1. The Swedish law has not resulted in a reduction in sex trafficking.
Fiona Mactaggart MP claimed that criminalising clients “has been shown to reduce sex trafficking ever since it was first adopted in Sweden in 1999”. There is no evidence cited to support this claim.
The Global Alliance Against Traffic in Women “strongly opposes introducing criminal penalties against the clients of sex workers.” Their 2011 research found that “criminalising sex workers’ clients does not reduce sex work or trafficking. Instead, it infringes on sex workers’ rights and obstructs anti-trafficking efforts.”
False claims about trafficking have been used before to justify a crackdown on prostitution. In the run up to the Policing and Crime Act which increased the criminalisation of prostitution, Mactaggart claimed that “80% of women in prostitution are controlled by traffickers”. This figure has been comprehensively discredited.
In reality anti-trafficking legislation is primarily being used to target immigrant sex workers for raids and deportations.
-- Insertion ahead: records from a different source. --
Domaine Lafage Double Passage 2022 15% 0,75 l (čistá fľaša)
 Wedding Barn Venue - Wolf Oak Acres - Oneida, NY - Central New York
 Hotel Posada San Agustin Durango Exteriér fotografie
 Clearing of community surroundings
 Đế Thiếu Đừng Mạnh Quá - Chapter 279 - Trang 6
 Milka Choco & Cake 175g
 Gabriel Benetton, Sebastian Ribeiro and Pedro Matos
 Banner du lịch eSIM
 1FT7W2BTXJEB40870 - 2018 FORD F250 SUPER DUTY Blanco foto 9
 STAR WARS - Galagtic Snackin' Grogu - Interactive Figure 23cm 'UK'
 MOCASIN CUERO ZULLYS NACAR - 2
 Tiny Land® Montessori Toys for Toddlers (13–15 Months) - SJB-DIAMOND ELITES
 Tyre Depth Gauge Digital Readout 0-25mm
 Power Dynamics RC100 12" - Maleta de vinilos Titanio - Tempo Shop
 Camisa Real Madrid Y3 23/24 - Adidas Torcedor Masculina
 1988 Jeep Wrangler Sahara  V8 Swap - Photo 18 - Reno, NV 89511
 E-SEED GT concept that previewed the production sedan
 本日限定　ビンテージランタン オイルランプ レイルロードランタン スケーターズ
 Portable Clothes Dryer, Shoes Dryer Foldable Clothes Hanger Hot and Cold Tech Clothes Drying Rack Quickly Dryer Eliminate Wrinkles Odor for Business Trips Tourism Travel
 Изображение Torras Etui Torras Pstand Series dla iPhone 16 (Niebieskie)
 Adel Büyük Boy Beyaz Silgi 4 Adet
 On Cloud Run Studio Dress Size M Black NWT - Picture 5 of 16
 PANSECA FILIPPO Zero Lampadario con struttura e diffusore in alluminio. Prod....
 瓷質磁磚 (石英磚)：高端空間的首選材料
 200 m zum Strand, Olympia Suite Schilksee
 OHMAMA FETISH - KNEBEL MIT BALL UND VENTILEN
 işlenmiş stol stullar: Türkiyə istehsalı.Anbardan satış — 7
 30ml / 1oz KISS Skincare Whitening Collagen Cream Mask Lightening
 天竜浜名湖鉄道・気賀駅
During well publicised raids on Soho flats last year, done in the name of freeing victims of trafficking,250 police broke down doors and dragged handcuffed immigrant women in their underwear onto the streets. No trafficking was found and most flats were eventually re-opened. But at what cost to women’s safety and dignity, and to the public purse? The Joint Committee on Human Rights report on Human Trafficking confirms that “victims may often find themselves treated as immigration offenders and face enforcement actions such as detention and removals.
Considering that “internationally only 22% of human trafficking is for sexual exploitation” creating fair working conditions and ending abuses in low-wage labour industries will do far more to end trafficking in persons and protect the human rights of workers in vulnerable situations.
Existing laws already criminalise those who coerce anyone into the sex industry. Why extend them to consenting sex?
2. The Swedish law has not reduced prostitution.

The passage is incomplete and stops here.